Mark 1:4 describes the purpose of John’s baptizing rite to be for the forgiveness of sins, which leads to the theological conundrum of why Jesus decided to get baptized in Mark 1:9-11. The fact that Jesus was baptized by John was a sore point for many theologians. In the fourth century, Saint Jerome cites a passage allegedly from a Jewish Gospel used by the Nazoreans in which Jesus asks what sin he has committed that he would need John’s baptism for its remission (see Against the Pelagians 3.2). Moreover, John’s followers might boast that their teacher was superior to Jesus. Indeed, the book of Acts is aware of a continuing movement devoted to the Baptizer but not to Jesus (see Acts 19:1-5). Matthew and Luke found ways to navigate around this tricky theological issue in how they edit the text of Mark, but some scholars question whether they were aware of how the other dealt with the problem.
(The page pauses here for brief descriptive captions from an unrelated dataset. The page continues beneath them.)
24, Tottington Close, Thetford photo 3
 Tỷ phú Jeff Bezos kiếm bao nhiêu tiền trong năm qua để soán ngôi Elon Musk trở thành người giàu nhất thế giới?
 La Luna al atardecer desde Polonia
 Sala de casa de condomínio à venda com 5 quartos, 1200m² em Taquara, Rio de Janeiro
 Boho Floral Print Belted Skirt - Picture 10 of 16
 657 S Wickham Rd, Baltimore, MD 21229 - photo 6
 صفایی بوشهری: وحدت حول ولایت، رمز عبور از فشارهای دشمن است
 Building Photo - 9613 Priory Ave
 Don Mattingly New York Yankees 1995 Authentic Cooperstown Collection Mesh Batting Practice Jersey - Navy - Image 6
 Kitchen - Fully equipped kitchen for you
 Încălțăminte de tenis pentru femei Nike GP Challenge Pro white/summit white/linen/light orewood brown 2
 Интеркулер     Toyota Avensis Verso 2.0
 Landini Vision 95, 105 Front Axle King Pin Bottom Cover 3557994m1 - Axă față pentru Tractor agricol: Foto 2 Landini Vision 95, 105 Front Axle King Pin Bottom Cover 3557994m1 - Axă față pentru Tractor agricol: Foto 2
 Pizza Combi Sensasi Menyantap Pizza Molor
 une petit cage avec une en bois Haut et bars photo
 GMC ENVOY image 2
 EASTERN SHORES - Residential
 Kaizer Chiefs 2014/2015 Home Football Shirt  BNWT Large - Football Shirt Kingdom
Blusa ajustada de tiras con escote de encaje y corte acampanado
In the text of Matthew, John protests that he is the one who should be baptized by Jesus, but Jesus silences him with the reply that it is necessary for him to undergo baptism to fulfill all righteousness (Matt 3:14-15). Mark Goodacre (Case Against Q, p. 50) points out that there is a very good reason to omit the dialogue between Jesus and the Baptist in Luke; Luke has imprisoned John before the baptism (Luke 3:20)!  However, Kloppenborg  retorts that Luke would not have needed the expedient of removing John from the scene had the author read Matthew’s dialogue which already neutralizes theological objections to the baptism of Jesus. What do you think: did Luke simply not know Matthew’s solution or did he know it yet prefer his own way of dealing with the issue?